#### SUPPLIED INFORMATION ####
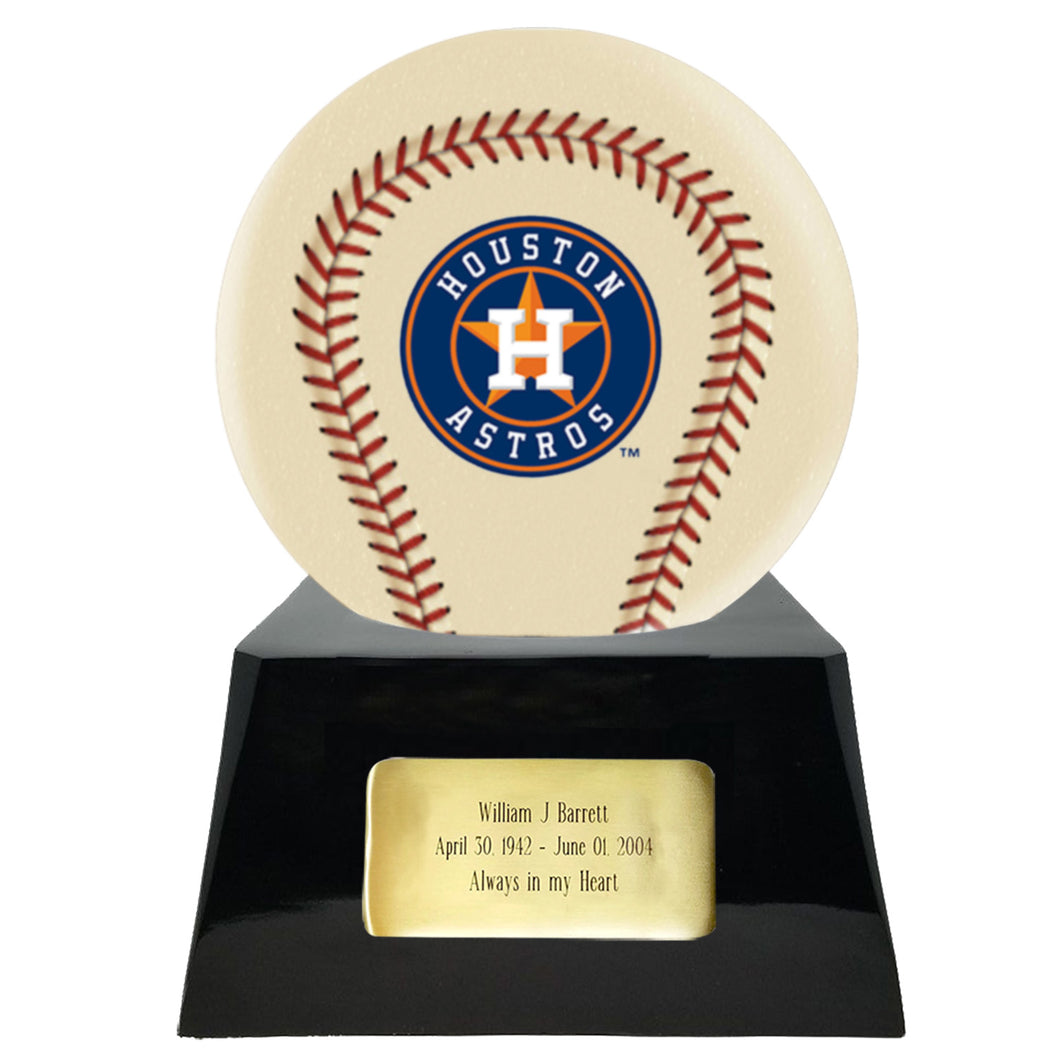 Baseball Cremation Urn with Optional Ivory Houston Astros Ball Decor and Custom Metal Plaque - Memorials4u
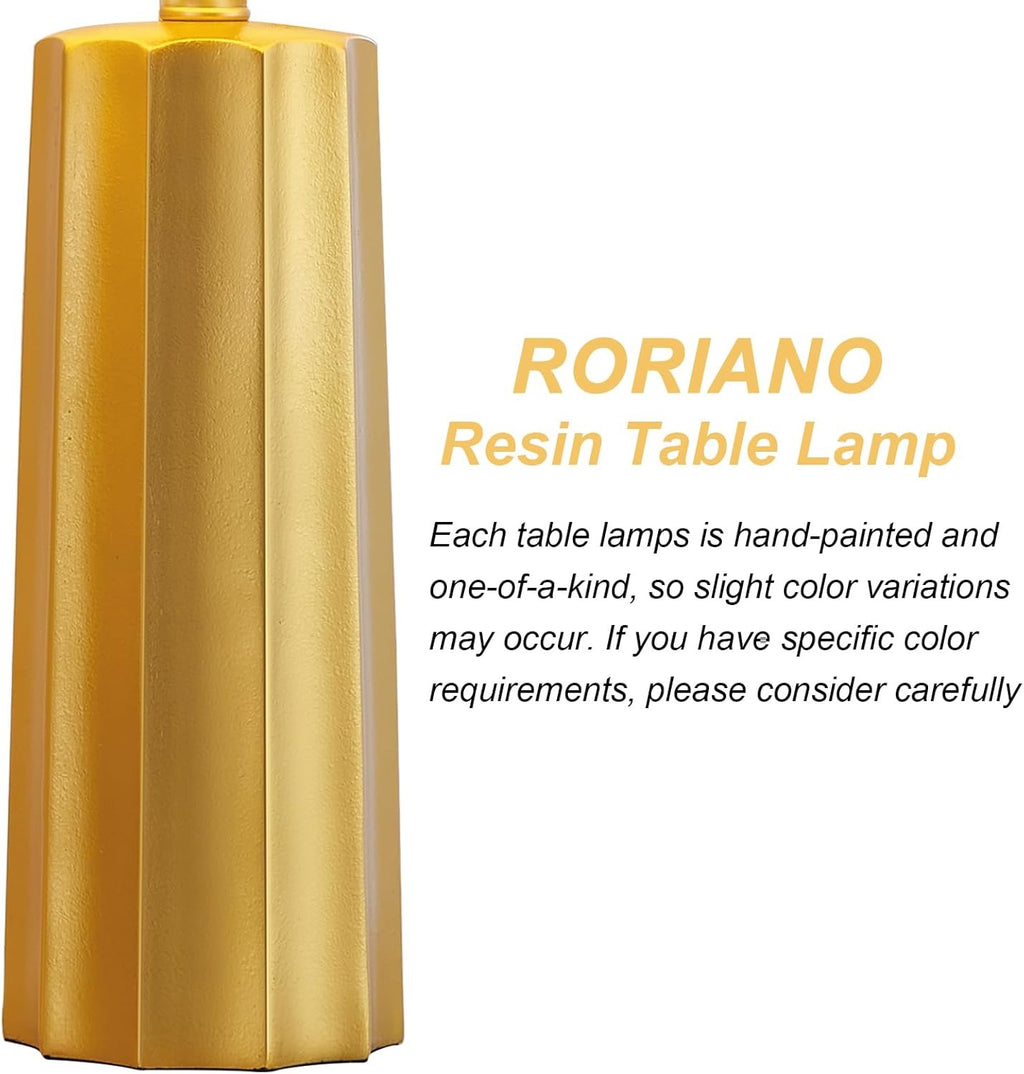 RORIANO Modern Gold Table Lamps (Set of 2) | Resin Base with Black Grid Shade (Bulbs Included)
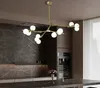 Nordic Gold Black Led Magic Bean Chandelier Lampa Glas Boll Lampskärm Sovrum Living Matsal Molecule Hänge Lampa Creative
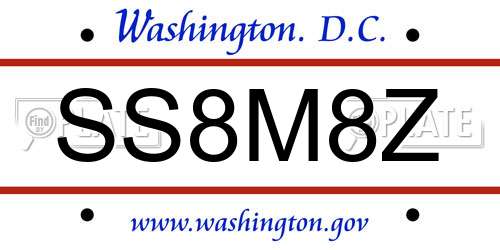 SS8M8Z District Of Columbia License Plate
####
- [TASK REQUIREMENTS]: Everything in the listing must be restated word for word, except for the pictures.

- [REPLY TO THE EXERCISE]:
 Baseball Cremation Urn with Optional Ivory Houston Astros Ball Decor and Custom Metal Plaque - Memorials4u
 RORIANO Modern Gold Table Lamps (Set of 2) | Resin Base with Black Grid Shade (Bulbs Included)
 Nordic Gold Black Led Magic Bean Chandelier Lampa Glas Boll Lampskärm Sovrum Living Matsal Molecule Hänge Lampa Creative
 SS8M8Z District Of Columbia License Plate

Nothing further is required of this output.